来源: 读特   2021-12-07 11:18:16

亚历山大用哲学钥匙,开启了东方希腊化世界的大门。古希腊文明随他的东征披染西亚、中亚、东亚。

公元前四世纪,马其顿国王亚历山大开始东征。波斯人或印度人,对于征服与被征服,已视如平常,他们更为看重世界何以能被征服,征服者必须给出一个征服的理由,那才是真正的征服。据说,亚历山大就用他知识和精神上的优胜,来解读被他征服的各国的经典。

以此,军事胜利便转化为哲学胜利,征服者成了哲学王。在英国诗人劳伦斯·比尼恩著的《亚洲艺术中人的精神》(孙乃修译)一书中,有“波斯的艺术”一节,其中就谈到,有一位圣贤从远方来,向亚历山大提出了这样的问题:到哪儿去寻找眼睛所看不见的那位上帝呢?这正是他的老师亚里士多德求证过的问题,于是,他轻车熟路,作了解答。

他的回答令他们满意,他们也就认可他是波斯人的先知了。认定他是承天命,能战胜人类罪恶、愚蠢和无知的勇士。应该说,是他的回答,将波斯人征服了,他不光用军队攻城略地,占领了波斯帝国,更用他老师的纯然理性的哲学征服了波斯人不可救药的浪漫性格。这才是亚历山大伟大的焦点。

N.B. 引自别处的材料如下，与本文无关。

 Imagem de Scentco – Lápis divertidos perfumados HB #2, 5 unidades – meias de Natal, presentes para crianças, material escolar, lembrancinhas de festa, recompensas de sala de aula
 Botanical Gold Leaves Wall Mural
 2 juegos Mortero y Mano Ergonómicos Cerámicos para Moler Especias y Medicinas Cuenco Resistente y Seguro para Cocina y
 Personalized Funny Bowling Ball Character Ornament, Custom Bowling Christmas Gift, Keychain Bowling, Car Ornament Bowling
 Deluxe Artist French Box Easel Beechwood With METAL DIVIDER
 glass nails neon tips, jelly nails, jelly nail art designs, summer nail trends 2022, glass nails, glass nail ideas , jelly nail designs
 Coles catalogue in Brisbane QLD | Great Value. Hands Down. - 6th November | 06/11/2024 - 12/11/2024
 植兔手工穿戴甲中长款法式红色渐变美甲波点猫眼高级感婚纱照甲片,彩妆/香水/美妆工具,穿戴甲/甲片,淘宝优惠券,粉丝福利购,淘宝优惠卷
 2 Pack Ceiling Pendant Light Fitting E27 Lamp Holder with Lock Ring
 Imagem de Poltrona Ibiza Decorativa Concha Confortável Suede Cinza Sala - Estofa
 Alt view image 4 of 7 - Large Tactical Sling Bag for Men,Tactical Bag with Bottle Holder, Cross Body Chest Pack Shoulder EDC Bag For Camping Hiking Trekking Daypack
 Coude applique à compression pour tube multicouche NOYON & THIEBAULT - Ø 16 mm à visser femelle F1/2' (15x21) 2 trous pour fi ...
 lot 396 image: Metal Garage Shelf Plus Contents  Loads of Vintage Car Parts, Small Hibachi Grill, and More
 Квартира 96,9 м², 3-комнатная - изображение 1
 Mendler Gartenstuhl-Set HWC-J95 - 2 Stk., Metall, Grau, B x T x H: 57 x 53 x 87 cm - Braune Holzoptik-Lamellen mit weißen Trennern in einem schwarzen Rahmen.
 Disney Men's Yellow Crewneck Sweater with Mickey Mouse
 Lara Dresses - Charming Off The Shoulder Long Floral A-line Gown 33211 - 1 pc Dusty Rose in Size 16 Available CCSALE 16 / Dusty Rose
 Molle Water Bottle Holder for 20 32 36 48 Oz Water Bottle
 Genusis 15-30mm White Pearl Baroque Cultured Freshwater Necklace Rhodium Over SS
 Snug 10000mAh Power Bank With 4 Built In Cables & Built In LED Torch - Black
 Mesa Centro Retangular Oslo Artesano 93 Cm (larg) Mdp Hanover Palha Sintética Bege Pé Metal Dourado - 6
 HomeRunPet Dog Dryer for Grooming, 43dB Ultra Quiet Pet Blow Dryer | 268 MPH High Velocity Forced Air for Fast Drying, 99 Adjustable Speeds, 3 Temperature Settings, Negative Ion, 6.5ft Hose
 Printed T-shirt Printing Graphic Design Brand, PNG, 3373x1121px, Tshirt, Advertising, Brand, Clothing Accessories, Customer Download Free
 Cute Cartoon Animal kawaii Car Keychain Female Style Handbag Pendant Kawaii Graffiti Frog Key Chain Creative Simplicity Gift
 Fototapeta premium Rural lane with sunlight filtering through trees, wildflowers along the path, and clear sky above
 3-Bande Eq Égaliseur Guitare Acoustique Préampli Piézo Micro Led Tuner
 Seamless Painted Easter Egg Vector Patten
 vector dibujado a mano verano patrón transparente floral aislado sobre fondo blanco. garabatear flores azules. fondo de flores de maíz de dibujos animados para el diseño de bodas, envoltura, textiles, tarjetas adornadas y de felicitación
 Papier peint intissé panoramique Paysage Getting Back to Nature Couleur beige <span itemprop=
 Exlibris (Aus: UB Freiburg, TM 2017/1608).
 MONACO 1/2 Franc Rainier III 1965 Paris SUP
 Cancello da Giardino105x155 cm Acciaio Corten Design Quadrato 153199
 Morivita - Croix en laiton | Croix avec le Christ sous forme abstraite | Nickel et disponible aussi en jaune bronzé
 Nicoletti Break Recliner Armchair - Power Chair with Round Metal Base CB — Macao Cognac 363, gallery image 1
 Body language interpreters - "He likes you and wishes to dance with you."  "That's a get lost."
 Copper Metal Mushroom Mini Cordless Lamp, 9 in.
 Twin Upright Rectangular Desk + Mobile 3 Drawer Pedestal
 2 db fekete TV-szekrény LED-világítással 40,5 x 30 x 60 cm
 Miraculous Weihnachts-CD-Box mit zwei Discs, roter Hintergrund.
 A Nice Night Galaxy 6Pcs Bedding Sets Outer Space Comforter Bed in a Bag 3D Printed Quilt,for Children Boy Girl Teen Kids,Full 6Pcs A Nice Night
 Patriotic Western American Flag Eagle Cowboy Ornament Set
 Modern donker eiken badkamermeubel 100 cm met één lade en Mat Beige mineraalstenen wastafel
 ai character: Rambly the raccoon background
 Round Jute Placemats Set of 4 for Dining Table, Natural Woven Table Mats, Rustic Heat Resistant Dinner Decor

在这里,我们才开始触及亚历山大所以伟大的奥妙之处。那就是他用哲学钥匙,开启了东方希腊化世界的大门。古希腊文明随他的东征披染西亚、中亚、东亚。

当他身穿波斯服装君临波斯帝国时,我们就知道,他的希腊化,不是用希腊文化兼并东方文化,而是使希腊文化进入东方文化,在东西方文化的基础上,营造具有统一性的希腊化世界。也就是说,不是他的帝国,而是希腊文化,将世界统一起来。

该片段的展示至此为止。